A valence for quantitative change is embedded in situations in which a kind of organism weakly fills a niche in the environment, for the appropriate change will strengthen the way the niche is filled. A valence for qualitative change exists when some biologically possible change (or series of changes, provided no intermediate stage seriously diminishes the organisms' fitness) permits a kind of organism to fill a new niche more strongly than it fills its current one (or to fill an additional niche that is beneficial to it). For example, a change in a moth's coloration may prove to be protective in a new food-rich environment where its former coloration would attract predators.

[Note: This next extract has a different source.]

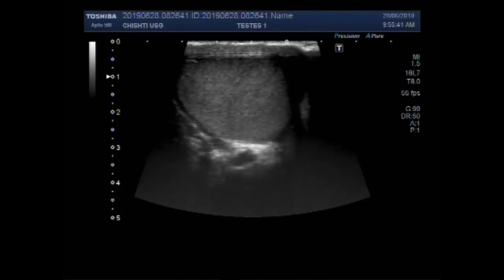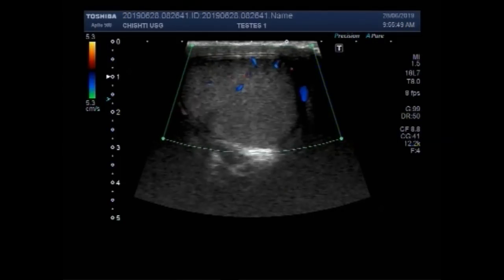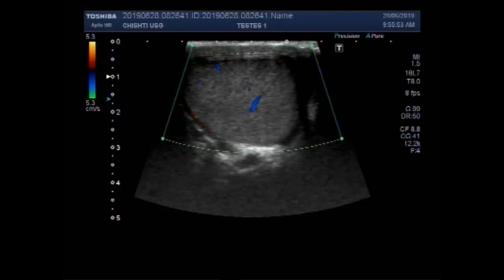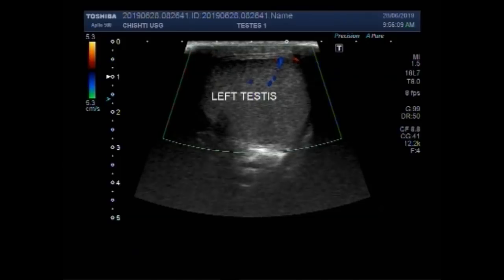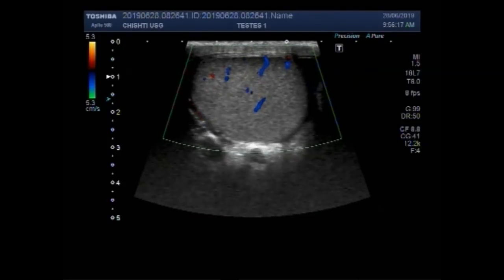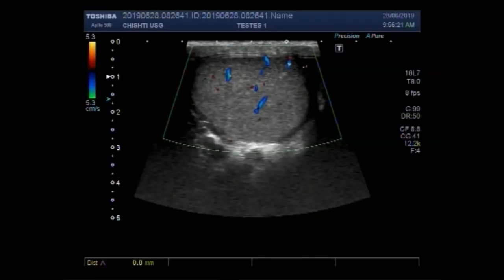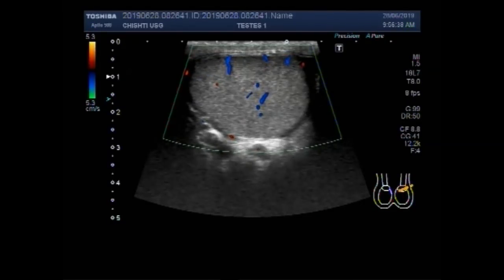Now you can see the left testes. It is of normal size, shape, and ecotexture. Blood flow is also seen. So this is an echo-normal left testes. No pathology is visible in the left testes. It measures about 3.5 cm by 3.3 cm. Blood flow is also normal, and echo-density is also homogeneous.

One might think there would be a valence for versatility to emerge in any kind of organism, but that isn't quite true. Organisms that depend upon individual skill and strength for success will usually benefit from newly developed versatility, provided the change doesn't require passing through a stage of seriously reduced fitness. But some creatures -- most notably the social insects -- rely on group strength for their success. For such creatures there is a valence for the individual organisms to be specialized rather than versatile.

One variety of adaptability applies to populations rather than to individuals: numerous and rapidly reproducing organisms such as bacteria, which collectively undergo frequent mutations, have the capacity to adapt in a few generations to a radically changed environment. But this is really nothing more than the process of evolution itself in action. Adaptability as a trait of individuals requires a plasticity of functionality that will exist only in rather complex creatures. Simple creatures, for whom the only possible new behaviors must be just as hard-wired as their current repertoire, are not candidates to develop adaptability. Once a species develops flexible behavior responsive to changes in the environment, however, adaptability will tend to spread once it emerges -- for it allows organisms to exploit new valences to which they haven't been specifically adapted by evolution.

The reason that humans appear to us to be the apex of the evolutionary process is that intelligence is the most potent source of both versitility and adaptability we know of; it wouldn't be surprising to discover that it's the most potent source of these goods that is possible for organisms to acquire. Clearly, the benefits it has conferred upon humankind are dramatic.